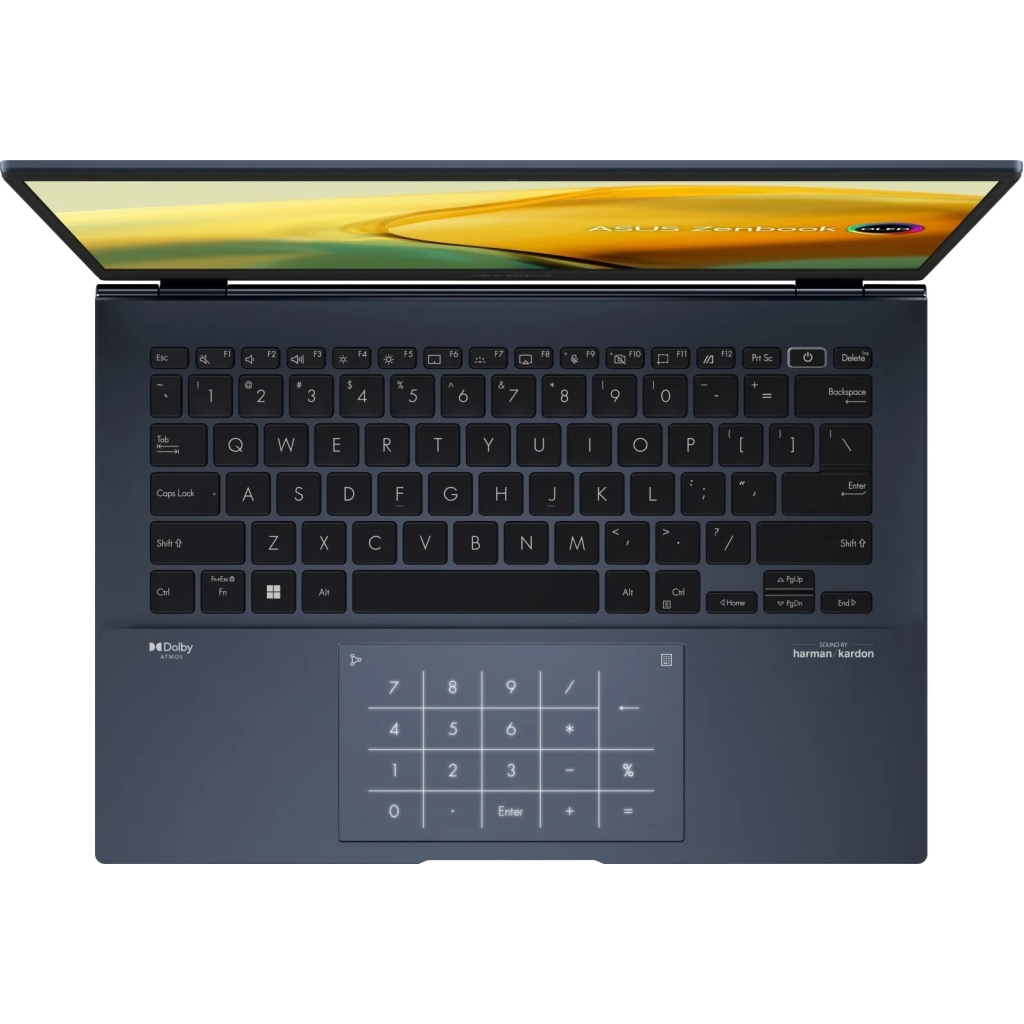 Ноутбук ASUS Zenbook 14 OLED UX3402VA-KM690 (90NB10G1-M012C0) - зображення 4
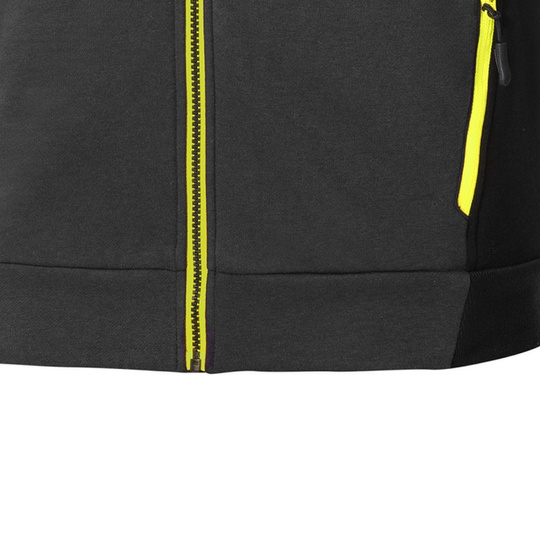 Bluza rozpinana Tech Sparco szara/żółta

-.-.-

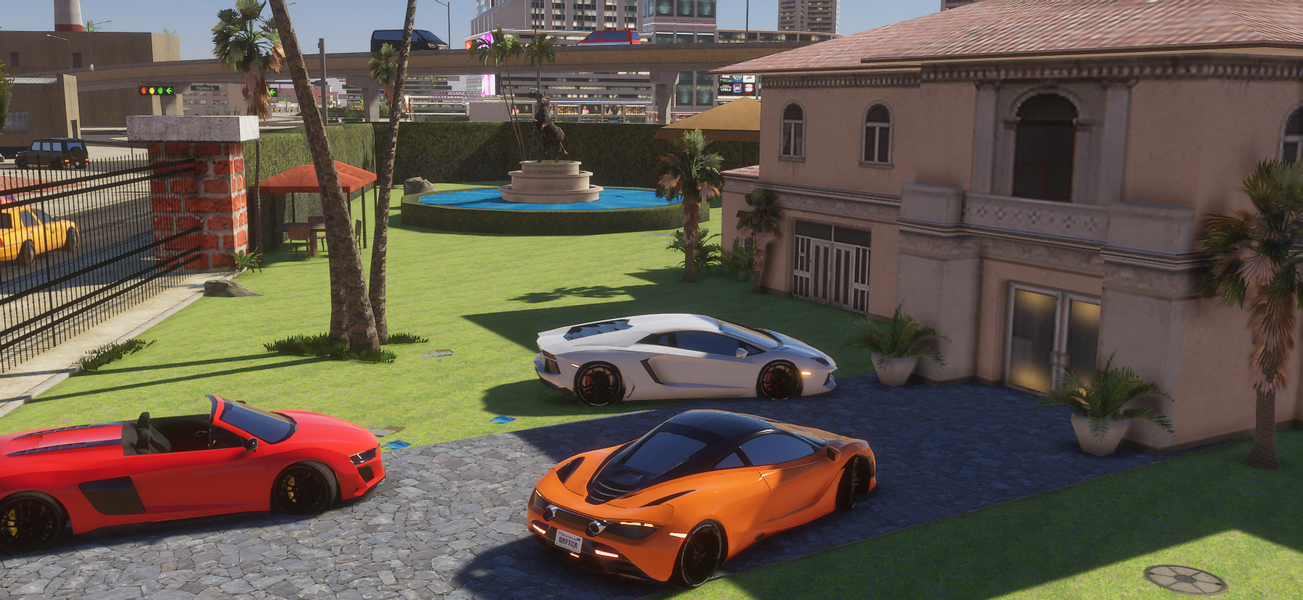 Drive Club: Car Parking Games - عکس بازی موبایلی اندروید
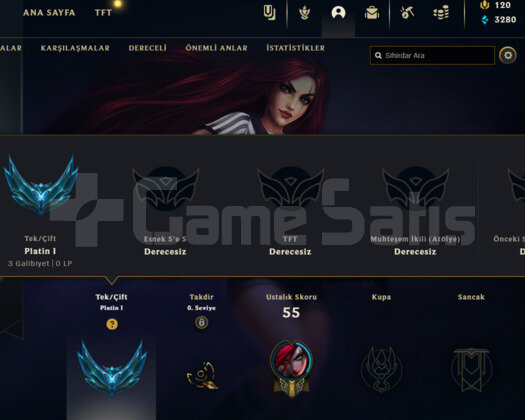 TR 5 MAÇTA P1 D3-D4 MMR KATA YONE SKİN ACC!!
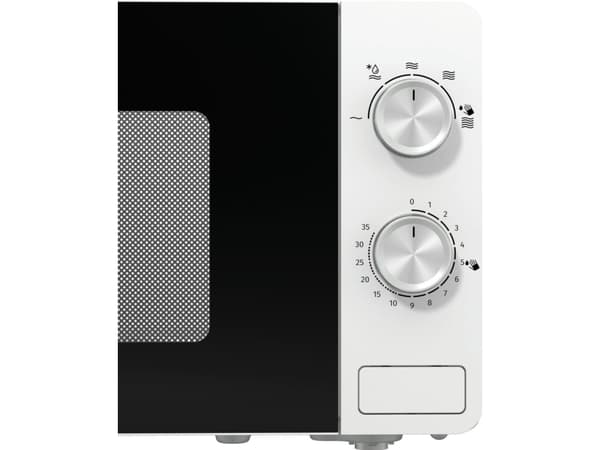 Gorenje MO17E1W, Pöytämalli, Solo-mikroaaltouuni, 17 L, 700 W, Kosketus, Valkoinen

-.-.-

— TASK PROMPT —
Look above and copy only the lines from the one holding "Drive Club: Car" to the one holding "Gorenje MO17E1W, Pöytämalli, Solo-mikroaaltouuni, 17", both included, exactly, minus the pictures.

— FINAL ANSWER —
 Drive Club: Car Parking Games - عکس بازی موبایلی اندروید
 TR 5 MAÇTA P1 D3-D4 MMR KATA YONE SKİN ACC!!
 Gorenje MO17E1W, Pöytämalli, Solo-mikroaaltouuni, 17 L, 700 W, Kosketus, Valkoinen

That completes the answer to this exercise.